Lecturas Dn 7,13-14; S 92,1-2.5; Ap 1,5-8; Jn 18,33-37
Hoy concluimos el año litúrgico. Durante él la Iglesia ha ido poniendo la mirada a diversos aspectos del mensaje de Cristo. Todos nos conducen a Él, se encuentran en Él y se alcanzan en Él. Hoy la Iglesia quiere que concentremos nuestra atención en el todo, en la persona de Jesús.

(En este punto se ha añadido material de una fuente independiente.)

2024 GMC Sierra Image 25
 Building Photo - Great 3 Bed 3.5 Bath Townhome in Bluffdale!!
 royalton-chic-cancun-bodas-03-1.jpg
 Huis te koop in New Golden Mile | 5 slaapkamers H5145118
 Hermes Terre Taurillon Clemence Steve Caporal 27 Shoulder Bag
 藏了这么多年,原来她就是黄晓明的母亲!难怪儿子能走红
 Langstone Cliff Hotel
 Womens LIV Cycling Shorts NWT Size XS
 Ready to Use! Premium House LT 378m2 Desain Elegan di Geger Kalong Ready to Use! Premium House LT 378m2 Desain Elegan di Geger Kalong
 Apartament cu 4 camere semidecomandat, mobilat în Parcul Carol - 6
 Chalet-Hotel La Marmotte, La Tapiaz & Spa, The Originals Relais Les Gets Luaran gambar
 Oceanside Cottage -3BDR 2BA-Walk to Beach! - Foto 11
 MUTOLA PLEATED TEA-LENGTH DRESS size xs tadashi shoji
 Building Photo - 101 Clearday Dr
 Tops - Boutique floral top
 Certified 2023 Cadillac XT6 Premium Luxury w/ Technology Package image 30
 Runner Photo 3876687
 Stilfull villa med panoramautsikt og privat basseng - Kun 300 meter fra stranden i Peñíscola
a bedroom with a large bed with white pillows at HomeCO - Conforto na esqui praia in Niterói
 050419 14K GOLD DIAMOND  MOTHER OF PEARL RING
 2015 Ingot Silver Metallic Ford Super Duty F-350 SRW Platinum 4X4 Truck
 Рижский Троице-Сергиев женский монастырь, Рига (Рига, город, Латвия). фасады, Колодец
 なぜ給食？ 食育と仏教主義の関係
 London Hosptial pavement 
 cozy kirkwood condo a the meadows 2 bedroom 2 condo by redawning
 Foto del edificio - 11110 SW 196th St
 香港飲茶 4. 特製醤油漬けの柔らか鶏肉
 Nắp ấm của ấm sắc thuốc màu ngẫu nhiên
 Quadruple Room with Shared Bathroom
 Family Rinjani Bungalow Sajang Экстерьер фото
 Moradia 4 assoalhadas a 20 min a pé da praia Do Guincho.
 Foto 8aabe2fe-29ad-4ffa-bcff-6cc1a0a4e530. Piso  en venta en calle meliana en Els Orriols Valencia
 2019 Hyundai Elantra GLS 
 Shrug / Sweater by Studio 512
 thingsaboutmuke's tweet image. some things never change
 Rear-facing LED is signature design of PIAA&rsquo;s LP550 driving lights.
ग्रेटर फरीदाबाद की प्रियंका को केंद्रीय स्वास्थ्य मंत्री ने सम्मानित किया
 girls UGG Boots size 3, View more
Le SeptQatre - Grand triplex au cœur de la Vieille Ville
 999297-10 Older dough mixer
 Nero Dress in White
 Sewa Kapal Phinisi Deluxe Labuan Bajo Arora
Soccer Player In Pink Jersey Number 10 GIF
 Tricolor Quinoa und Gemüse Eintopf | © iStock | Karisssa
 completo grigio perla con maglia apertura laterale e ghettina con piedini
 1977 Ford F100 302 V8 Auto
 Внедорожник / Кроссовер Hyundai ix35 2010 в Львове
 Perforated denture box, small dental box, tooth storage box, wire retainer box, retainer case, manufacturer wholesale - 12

Porque lo que quiere de nosotros y para ello nos ha enviado a su Hijo y nos ha dado su Espíritu es divinizarnos y transformarnos en hijos suyos a imagen y por la inserción en su Hijo, por el cual nos comunica el Espíritu Santo. De esta manera los hijos de Dios forman por la fe un mismo cuerpo vivo con Cristo y lo hacemos presente y actuante de modo que todos los hombres se salven. Este es el fin de la Iglesia y de toda su obra: que Cristo llegue a todos los hombres, para que todos se salven. Es la verdad que hoy nos hacen ver las lecturas. En los estrechos límites de tiempo que nos permite nuestra reunión semanal, la liturgia nos ofrece algunos entre los muchos textos que en la Biblia lo repiten.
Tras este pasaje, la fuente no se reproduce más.